Fortune faite, il se lance en effet dans la création de son projet philanthropique. Il s’intéresse aux questions politiques et sociales qui traversent son époque et cherche à mettre en place des lieux de réflexion et de débat, désireux de donner aux hommes les moyens de mieux se connaître. Voir, savoir, prévoir : Albert Kahn milite pour le rapprochement entre les peuples en insufflant l’esprit international dans son réseau d’élites éclairées. À partir de la création de différentes fondations (il en crée une dizaine entre 1898 et 1932), il cherche à appréhender l’humanité dans sa complexité, convoquer tous ses aspects (biologique, sociologique, politique, économique, géographique...) et favoriser le décloisonnement disciplinaire. Il lance à partir de 1909 son projet d’inventaire visuel du monde : Les Archives de la Planète.
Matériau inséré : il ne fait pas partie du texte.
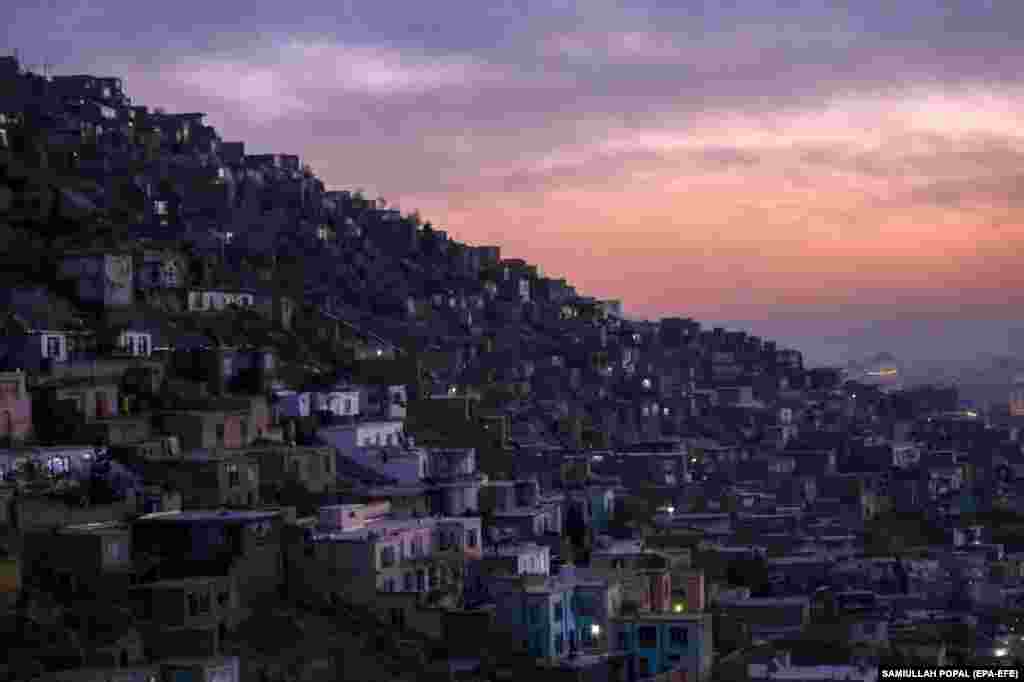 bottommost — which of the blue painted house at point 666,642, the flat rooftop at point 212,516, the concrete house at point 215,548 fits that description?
the blue painted house at point 666,642

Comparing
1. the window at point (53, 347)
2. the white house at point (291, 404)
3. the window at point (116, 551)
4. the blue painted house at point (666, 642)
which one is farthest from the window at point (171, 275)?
the window at point (116, 551)

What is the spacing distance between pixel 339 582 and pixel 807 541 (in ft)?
58.0

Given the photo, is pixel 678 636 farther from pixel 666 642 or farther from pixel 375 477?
pixel 375 477

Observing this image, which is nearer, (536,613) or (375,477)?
(536,613)

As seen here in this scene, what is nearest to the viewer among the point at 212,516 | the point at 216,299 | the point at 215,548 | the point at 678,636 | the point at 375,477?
the point at 215,548

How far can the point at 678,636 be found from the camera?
33531mm

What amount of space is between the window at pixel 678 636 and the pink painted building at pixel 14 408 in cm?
1082

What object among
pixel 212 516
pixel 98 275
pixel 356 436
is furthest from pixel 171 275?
pixel 212 516

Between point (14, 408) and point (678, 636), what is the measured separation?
11.2m

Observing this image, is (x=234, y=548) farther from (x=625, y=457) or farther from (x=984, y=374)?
(x=984, y=374)

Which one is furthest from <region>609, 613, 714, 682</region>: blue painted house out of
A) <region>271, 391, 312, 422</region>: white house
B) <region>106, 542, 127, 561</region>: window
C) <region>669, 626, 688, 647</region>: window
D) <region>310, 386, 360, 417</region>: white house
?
<region>310, 386, 360, 417</region>: white house

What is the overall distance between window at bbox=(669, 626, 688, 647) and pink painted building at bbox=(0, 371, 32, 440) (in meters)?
10.8

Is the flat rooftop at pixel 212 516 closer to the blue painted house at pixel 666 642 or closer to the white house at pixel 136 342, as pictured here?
the blue painted house at pixel 666 642

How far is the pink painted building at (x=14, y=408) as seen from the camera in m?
34.2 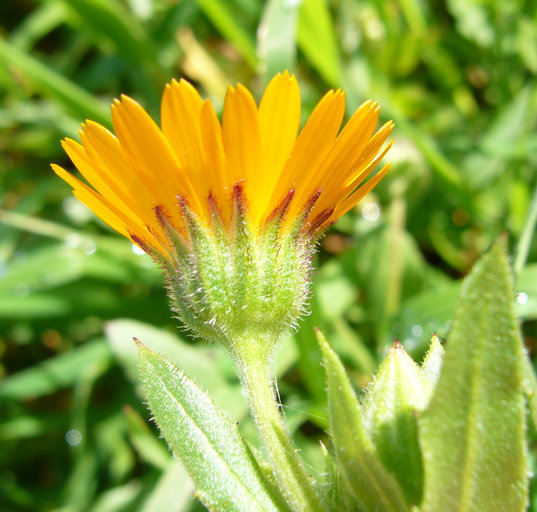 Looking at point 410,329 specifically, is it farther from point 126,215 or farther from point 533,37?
point 533,37

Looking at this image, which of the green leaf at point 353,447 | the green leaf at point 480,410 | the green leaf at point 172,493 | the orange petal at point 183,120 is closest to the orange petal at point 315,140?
the orange petal at point 183,120

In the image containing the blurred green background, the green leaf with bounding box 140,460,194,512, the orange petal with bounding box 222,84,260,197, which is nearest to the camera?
the orange petal with bounding box 222,84,260,197

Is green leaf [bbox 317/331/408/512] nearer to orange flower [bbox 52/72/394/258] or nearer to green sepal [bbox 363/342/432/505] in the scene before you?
green sepal [bbox 363/342/432/505]

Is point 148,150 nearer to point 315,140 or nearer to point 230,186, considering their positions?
point 230,186

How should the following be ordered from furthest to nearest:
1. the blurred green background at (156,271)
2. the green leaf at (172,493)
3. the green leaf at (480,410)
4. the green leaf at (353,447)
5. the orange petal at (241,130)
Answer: the blurred green background at (156,271) < the green leaf at (172,493) < the orange petal at (241,130) < the green leaf at (353,447) < the green leaf at (480,410)

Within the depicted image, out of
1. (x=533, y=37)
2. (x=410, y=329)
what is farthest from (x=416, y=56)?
(x=410, y=329)

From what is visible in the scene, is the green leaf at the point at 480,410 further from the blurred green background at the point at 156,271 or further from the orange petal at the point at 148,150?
the blurred green background at the point at 156,271

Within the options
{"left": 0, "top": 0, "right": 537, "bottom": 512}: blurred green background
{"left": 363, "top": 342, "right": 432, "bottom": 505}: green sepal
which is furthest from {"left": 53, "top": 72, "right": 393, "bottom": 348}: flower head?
{"left": 0, "top": 0, "right": 537, "bottom": 512}: blurred green background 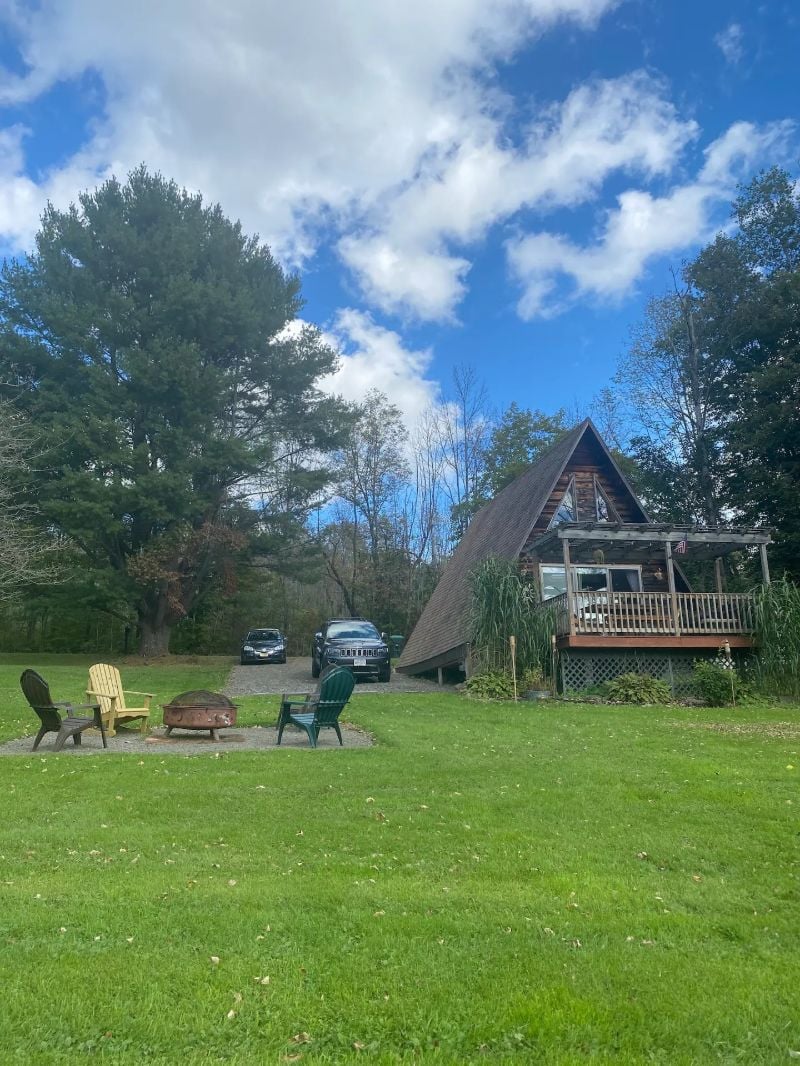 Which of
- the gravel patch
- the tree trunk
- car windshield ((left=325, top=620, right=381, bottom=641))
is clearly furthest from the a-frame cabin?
the tree trunk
Cette archive visuelle documentaire s’inscrit elle-même dans un projet plus global initié en 1898, avec les Bourses de Voyages Autour du Monde, données à l’Université de Paris, qui accordent à de jeunes agrégés un financement sur concours afin qu’ils réalisent un voyage de quinze mois dans un pays étranger, pour qu’ils prennent « réellement contact avec la vie ». A partir de 1905, Albert Kahn ouvre ces bourses aux femmes agrégées, et sur cette lancée, crée la Société Autour du Monde en 1906, société destinée à favoriser les échanges entre les anciens boursiers et l’élite internationale. En 1914, il initie la création du Comité du secours national, qui prête assistance aux populations civiles victimes de la guerre. En 1916, il fonde le Comité national d’études sociales et politiques, où des intellectuels se rassemblent en vue d’éclairer les autorités par des travaux d’analyse sur des problématiques d’actualité. En 1918, il publie un manifeste en faveur de la prévention des conflits, intitulé Des droits et devoirs des gouvernements et crée un premier centre de documentation sociale à l’Ecole Normale Supérieure en 1920. A partir de 1926, il accueille le laboratoire de biologie et cinématographie scientifique dirigé par le docteur Jean Comandon sur sa propriété.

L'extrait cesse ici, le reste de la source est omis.